§ **Work order**: Looking at the listing below, retype exactly the lines starting at the one containing "3x Heineken half pint glasses plus opener" and ending at the one containing "Gorham Sterling Silver", both included, and nothing else.

Start of Data for review

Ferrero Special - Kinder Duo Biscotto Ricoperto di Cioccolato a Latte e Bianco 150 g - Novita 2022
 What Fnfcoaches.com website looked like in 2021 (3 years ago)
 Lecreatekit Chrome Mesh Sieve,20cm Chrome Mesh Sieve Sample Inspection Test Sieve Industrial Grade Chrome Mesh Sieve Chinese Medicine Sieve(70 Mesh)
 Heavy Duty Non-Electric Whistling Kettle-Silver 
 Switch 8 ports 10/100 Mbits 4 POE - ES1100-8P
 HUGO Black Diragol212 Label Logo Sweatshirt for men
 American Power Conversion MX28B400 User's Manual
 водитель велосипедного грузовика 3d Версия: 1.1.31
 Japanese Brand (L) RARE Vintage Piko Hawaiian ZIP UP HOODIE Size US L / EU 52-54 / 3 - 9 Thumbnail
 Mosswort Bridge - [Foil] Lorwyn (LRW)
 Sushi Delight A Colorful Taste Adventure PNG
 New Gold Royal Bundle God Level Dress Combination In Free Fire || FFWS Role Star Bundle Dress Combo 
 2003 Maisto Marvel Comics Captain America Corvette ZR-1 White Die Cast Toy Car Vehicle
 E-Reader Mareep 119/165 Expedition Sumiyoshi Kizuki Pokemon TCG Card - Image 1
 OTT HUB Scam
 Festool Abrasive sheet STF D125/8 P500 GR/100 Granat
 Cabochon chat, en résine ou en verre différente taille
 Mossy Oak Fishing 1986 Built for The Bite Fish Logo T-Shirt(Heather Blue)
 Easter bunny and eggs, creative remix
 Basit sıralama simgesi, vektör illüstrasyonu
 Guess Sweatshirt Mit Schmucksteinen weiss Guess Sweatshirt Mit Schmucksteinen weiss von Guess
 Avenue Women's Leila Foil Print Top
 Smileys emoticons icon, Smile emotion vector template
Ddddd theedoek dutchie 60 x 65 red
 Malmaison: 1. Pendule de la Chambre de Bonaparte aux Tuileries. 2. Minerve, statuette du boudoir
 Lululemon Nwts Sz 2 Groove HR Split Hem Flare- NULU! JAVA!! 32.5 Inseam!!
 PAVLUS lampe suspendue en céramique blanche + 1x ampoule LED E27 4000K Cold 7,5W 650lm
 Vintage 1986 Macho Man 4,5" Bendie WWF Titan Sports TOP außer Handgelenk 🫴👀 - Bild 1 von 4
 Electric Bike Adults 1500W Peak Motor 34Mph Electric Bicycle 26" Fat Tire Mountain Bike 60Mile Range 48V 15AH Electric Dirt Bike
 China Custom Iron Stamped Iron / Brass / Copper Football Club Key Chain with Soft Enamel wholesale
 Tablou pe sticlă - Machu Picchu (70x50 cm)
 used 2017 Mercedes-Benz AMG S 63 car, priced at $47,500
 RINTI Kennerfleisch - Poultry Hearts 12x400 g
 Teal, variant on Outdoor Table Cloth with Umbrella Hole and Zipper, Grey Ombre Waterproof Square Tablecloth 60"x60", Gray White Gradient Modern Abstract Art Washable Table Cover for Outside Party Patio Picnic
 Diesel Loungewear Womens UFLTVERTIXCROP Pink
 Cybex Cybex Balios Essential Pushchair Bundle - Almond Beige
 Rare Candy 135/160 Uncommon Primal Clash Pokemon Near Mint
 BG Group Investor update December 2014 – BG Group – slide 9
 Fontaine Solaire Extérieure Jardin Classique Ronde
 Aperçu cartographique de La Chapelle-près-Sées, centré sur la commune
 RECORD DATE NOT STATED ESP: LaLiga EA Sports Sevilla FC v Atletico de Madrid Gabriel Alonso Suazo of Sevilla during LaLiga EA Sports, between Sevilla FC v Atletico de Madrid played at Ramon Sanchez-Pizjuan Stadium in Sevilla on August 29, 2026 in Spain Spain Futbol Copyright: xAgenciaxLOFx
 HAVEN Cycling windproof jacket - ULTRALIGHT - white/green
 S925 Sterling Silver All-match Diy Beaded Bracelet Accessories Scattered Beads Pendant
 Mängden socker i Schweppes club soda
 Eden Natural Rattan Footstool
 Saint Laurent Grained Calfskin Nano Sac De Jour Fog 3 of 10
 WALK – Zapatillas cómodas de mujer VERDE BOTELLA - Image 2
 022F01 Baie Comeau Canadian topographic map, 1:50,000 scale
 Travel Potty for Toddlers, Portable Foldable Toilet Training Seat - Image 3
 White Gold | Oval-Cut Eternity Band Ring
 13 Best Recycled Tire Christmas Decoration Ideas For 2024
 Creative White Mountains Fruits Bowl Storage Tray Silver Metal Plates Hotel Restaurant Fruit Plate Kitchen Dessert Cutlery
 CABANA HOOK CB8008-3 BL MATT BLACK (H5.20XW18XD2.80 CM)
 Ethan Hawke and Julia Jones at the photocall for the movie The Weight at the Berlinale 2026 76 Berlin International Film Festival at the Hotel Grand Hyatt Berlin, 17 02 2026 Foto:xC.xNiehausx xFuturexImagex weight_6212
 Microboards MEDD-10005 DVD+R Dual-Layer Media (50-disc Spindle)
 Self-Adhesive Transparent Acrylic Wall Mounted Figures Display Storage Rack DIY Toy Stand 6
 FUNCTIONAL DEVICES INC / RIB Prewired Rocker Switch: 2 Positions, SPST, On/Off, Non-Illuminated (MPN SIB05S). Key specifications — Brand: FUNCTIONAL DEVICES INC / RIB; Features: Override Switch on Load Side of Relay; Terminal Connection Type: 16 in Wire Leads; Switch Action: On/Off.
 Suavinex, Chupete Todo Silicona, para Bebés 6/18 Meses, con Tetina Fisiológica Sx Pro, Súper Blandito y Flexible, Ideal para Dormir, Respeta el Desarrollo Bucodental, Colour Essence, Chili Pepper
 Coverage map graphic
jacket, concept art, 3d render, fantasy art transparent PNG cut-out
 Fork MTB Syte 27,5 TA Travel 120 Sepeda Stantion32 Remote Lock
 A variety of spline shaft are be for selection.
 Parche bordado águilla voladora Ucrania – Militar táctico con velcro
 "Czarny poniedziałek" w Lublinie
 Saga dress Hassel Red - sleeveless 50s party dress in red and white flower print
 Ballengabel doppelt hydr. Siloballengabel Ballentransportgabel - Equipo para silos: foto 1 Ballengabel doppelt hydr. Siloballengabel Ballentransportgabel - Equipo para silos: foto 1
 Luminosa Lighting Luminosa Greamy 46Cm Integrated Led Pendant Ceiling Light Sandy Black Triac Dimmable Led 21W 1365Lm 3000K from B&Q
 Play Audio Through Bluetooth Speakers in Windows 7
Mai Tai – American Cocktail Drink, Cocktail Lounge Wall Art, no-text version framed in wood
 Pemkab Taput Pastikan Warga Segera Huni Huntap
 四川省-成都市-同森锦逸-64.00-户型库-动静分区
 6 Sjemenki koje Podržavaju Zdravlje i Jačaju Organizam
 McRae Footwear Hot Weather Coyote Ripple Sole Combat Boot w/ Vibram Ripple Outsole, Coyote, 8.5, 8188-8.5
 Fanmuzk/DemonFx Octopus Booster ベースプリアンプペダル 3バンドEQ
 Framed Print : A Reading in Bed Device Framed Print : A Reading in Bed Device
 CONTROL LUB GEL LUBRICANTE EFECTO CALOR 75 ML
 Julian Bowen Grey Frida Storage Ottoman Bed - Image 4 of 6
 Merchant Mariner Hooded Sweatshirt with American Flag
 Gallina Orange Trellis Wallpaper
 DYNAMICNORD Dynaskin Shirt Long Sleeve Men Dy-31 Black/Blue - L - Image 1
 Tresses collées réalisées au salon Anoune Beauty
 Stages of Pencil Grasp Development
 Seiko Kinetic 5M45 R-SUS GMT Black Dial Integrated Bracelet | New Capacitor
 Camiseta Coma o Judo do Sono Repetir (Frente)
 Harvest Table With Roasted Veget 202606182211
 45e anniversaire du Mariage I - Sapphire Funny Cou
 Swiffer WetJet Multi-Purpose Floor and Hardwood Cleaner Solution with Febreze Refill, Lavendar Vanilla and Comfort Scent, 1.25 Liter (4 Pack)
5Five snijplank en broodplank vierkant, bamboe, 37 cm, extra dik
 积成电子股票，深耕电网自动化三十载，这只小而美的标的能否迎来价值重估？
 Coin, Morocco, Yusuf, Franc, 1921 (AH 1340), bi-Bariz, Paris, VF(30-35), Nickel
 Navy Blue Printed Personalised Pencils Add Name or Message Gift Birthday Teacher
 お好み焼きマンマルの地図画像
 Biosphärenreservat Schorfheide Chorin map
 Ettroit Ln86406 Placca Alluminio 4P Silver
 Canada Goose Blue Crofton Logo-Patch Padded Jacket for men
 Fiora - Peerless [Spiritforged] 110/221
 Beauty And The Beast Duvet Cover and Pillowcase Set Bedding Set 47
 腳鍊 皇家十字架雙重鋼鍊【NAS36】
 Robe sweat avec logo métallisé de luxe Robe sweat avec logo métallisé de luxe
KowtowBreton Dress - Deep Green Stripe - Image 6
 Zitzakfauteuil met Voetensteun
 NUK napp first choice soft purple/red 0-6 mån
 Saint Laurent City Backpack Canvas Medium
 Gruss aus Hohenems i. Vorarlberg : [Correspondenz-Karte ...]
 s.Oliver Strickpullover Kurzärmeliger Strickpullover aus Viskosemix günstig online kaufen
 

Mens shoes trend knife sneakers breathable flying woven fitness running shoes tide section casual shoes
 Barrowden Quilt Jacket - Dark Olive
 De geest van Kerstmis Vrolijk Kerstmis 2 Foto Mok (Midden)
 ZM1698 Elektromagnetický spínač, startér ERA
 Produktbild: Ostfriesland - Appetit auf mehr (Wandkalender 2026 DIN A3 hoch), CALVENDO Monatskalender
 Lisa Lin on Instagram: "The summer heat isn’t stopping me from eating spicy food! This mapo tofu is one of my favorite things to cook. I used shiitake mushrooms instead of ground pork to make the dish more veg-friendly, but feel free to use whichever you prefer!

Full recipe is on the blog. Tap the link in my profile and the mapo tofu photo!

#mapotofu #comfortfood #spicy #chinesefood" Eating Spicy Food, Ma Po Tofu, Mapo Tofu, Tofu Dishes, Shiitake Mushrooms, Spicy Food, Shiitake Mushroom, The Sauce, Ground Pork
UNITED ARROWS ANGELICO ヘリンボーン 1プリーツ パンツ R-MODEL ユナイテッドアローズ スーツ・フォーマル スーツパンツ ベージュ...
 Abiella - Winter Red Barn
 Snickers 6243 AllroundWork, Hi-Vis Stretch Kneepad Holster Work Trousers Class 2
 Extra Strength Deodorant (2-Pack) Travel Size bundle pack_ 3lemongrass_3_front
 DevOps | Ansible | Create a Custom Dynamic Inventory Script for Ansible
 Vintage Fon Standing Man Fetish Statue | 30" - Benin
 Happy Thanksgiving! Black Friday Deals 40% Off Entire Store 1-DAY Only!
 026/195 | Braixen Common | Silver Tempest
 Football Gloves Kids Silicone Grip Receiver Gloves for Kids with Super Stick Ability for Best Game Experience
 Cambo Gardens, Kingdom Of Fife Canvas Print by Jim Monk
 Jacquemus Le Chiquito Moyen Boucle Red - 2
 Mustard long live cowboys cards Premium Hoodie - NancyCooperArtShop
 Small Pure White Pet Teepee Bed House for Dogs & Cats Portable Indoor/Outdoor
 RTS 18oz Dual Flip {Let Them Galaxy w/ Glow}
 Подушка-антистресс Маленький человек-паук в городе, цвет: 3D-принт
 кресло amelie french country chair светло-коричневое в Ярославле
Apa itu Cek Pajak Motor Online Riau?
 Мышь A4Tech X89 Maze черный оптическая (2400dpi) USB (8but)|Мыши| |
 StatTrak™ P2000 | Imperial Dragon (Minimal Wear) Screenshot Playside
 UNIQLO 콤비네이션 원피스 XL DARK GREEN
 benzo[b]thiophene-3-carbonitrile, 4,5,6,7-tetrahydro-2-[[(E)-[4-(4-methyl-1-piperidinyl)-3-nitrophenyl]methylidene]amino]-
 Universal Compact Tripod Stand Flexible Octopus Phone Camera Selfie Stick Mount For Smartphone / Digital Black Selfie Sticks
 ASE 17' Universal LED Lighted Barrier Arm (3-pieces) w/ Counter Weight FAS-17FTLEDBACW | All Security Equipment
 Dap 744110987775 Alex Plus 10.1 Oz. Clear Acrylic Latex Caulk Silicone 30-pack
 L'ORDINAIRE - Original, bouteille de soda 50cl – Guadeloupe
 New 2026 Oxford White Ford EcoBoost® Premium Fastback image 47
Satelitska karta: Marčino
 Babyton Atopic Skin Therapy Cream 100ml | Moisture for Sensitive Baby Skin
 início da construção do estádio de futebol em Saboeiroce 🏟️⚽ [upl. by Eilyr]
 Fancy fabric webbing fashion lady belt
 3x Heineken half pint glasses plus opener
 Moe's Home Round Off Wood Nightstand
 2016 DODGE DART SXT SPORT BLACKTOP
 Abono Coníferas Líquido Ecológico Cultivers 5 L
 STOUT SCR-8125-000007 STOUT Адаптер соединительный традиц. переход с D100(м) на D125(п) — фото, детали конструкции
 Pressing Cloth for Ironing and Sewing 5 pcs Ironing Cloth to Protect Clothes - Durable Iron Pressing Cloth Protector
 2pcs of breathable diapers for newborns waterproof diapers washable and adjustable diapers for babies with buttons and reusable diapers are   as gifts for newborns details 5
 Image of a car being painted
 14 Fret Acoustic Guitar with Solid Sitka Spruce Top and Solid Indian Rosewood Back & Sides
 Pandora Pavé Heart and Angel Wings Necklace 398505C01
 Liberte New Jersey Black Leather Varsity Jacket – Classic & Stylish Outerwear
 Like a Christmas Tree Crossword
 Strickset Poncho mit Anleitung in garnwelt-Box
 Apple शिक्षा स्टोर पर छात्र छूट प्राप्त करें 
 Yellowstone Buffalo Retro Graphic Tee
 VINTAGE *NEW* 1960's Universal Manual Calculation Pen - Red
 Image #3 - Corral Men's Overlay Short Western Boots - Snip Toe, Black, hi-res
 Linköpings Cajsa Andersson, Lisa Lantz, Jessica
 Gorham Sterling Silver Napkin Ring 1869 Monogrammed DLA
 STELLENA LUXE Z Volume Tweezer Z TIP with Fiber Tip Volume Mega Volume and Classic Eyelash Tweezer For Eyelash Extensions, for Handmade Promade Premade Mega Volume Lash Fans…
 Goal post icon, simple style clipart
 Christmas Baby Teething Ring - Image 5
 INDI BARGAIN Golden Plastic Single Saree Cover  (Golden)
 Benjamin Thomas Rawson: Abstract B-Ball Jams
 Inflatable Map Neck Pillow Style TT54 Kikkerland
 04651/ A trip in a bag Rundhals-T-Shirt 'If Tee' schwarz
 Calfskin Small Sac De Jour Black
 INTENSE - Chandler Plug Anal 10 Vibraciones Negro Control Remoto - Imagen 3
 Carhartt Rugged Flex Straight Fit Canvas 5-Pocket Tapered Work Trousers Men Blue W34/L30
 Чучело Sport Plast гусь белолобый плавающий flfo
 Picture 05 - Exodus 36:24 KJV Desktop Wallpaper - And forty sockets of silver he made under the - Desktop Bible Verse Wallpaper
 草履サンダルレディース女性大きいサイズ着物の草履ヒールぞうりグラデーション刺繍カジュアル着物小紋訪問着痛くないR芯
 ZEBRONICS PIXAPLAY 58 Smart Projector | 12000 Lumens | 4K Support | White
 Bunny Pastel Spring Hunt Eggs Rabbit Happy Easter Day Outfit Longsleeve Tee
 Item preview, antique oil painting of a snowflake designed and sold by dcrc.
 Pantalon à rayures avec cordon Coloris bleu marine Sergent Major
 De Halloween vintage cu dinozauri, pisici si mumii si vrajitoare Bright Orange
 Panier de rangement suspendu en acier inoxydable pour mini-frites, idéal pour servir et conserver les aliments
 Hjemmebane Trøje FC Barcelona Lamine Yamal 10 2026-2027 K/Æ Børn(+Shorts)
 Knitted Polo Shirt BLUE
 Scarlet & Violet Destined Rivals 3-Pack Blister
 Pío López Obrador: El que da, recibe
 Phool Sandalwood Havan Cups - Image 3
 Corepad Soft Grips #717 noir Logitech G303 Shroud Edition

End of Data for review

§ **Solution to the exercise**:
 3x Heineken half pint glasses plus opener
 Moe's Home Round Off Wood Nightstand
 2016 DODGE DART SXT SPORT BLACKTOP
 Abono Coníferas Líquido Ecológico Cultivers 5 L
 STOUT SCR-8125-000007 STOUT Адаптер соединительный традиц. переход с D100(м) на D125(п) — фото, детали конструкции
 Pressing Cloth for Ironing and Sewing 5 pcs Ironing Cloth to Protect Clothes - Durable Iron Pressing Cloth Protector
 2pcs of breathable diapers for newborns waterproof diapers washable and adjustable diapers for babies with buttons and reusable diapers are   as gifts for newborns details 5
 Image of a car being painted
 14 Fret Acoustic Guitar with Solid Sitka Spruce Top and Solid Indian Rosewood Back & Sides
 Pandora Pavé Heart and Angel Wings Necklace 398505C01
 Liberte New Jersey Black Leather Varsity Jacket – Classic & Stylish Outerwear
 Like a Christmas Tree Crossword
 Strickset Poncho mit Anleitung in garnwelt-Box
 Apple शिक्षा स्टोर पर छात्र छूट प्राप्त करें 
 Yellowstone Buffalo Retro Graphic Tee
 VINTAGE *NEW* 1960's Universal Manual Calculation Pen - Red
 Image #3 - Corral Men's Overlay Short Western Boots - Snip Toe, Black, hi-res
 Linköpings Cajsa Andersson, Lisa Lantz, Jessica
 Gorham Sterling Silver Napkin Ring 1869 Monogrammed DLA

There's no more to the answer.